▶ **Work to be completed**:
Please set down exactly the lines from the one that contains "Meridian Furniture Torino" through the end of the material, leaving out every picture.

▶ **Given data**:
══════════
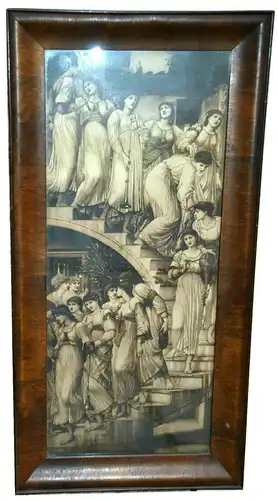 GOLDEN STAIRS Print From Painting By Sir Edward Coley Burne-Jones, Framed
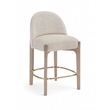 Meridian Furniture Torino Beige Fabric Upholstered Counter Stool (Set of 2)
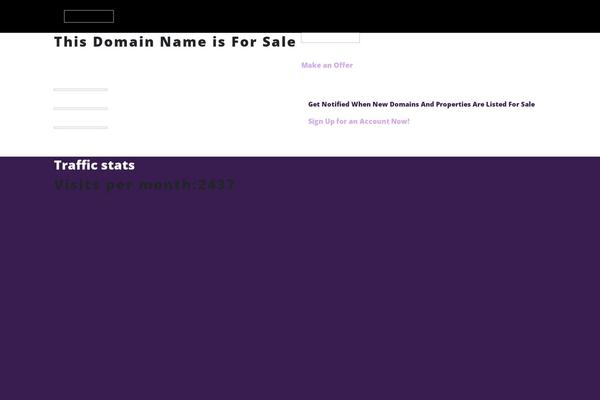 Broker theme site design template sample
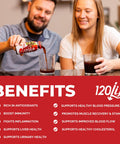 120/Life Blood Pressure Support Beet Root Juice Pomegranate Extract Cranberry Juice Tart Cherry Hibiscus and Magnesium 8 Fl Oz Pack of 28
══════════
▶ **Reply**:
 Meridian Furniture Torino Beige Fabric Upholstered Counter Stool (Set of 2)
 Broker theme site design template sample
 120/Life Blood Pressure Support Beet Root Juice Pomegranate Extract Cranberry Juice Tart Cherry Hibiscus and Magnesium 8 Fl Oz Pack of 28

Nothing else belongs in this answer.